* _SOURCE MATERIAL_:
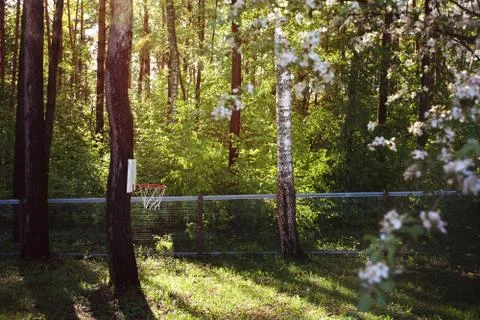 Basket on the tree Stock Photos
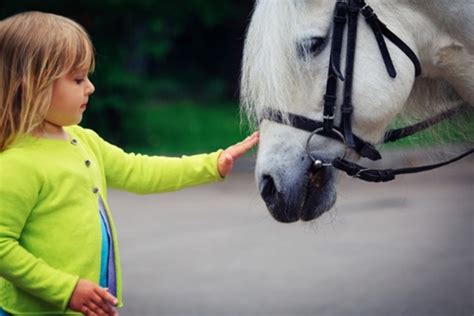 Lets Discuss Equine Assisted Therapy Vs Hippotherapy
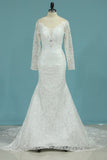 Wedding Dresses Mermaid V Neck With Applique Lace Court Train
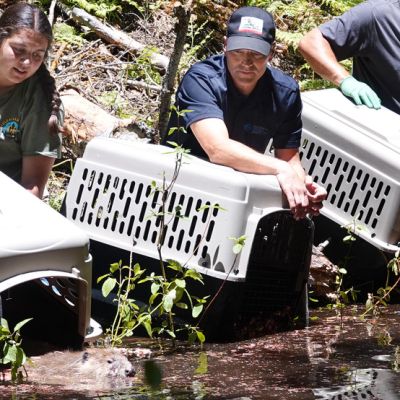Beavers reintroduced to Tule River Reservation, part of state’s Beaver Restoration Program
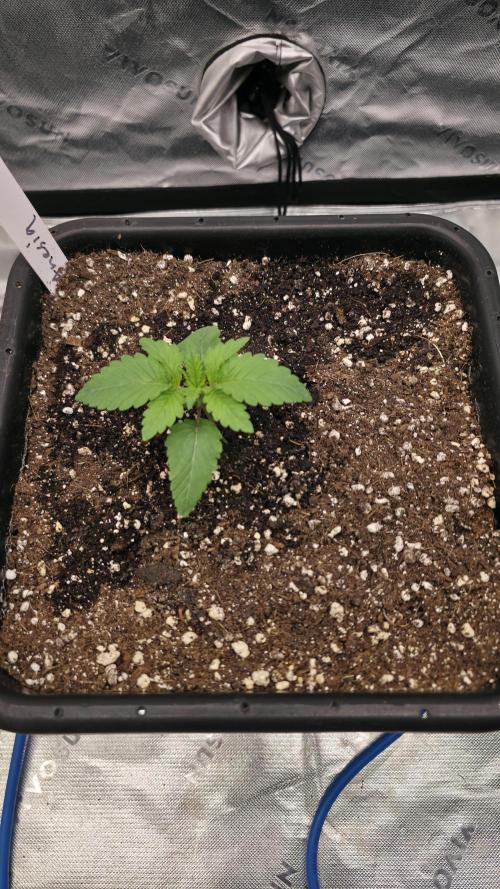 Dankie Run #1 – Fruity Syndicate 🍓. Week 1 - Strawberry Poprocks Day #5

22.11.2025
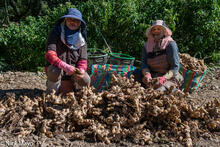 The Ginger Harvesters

...

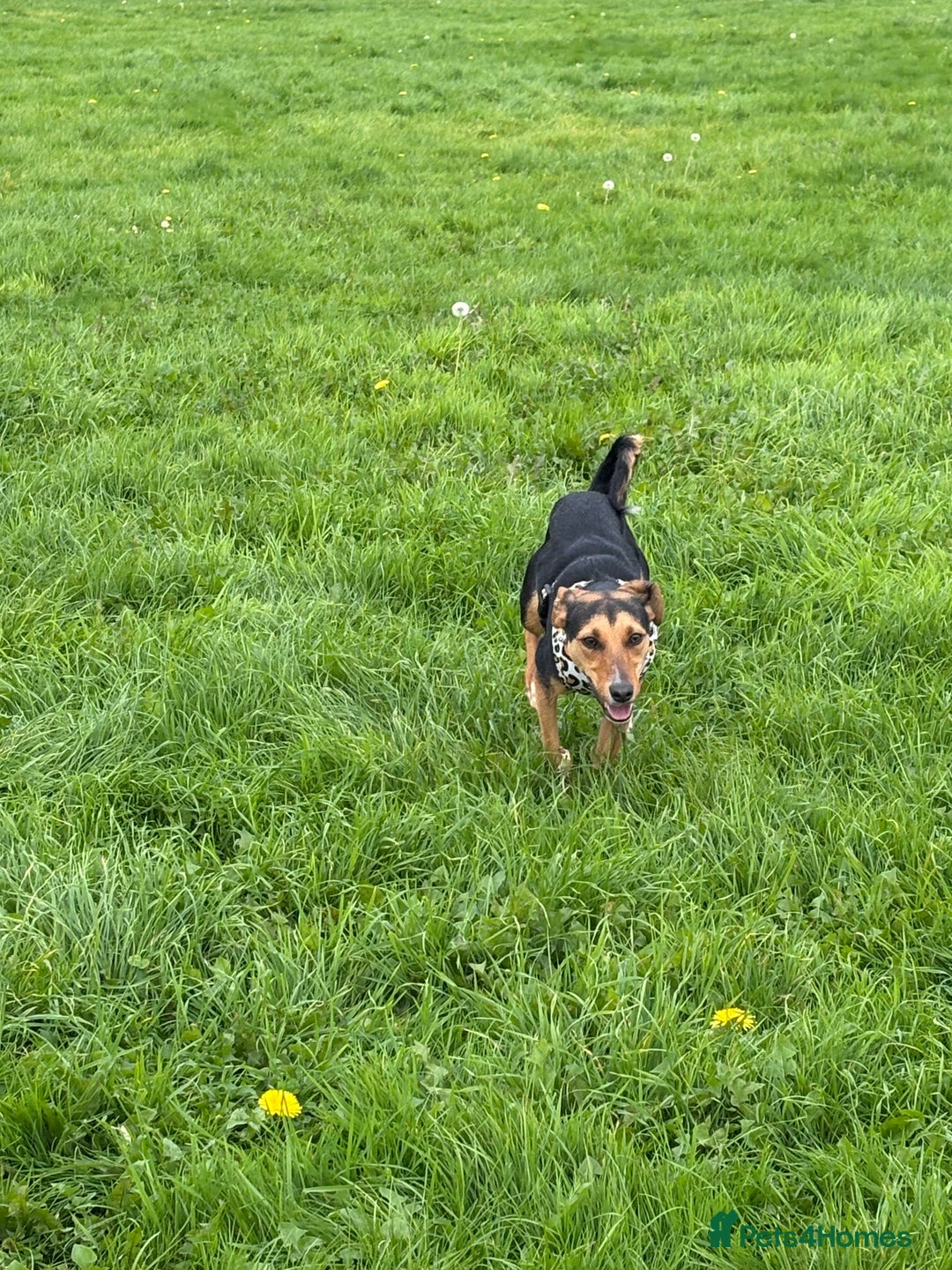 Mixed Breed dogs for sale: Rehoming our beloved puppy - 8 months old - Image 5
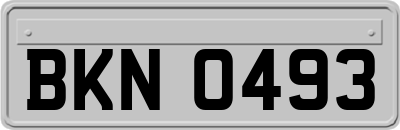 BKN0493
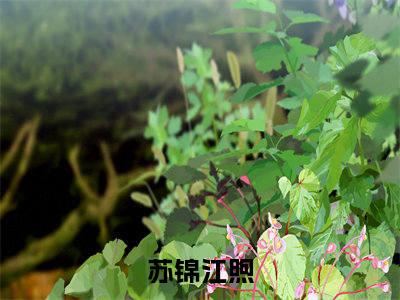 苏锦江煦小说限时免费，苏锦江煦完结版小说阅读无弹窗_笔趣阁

* _EXERCISE DESCRIPTION_: Output only the stretch above from the line with "Dankie Run #1" through the line with "The Ginger Harvesters", reproduced exactly. Exclude pictures.

* _ANSWER SPACE_:
 Dankie Run #1 – Fruity Syndicate 🍓. Week 1 - Strawberry Poprocks Day #5

22.11.2025
 The Ginger Harvesters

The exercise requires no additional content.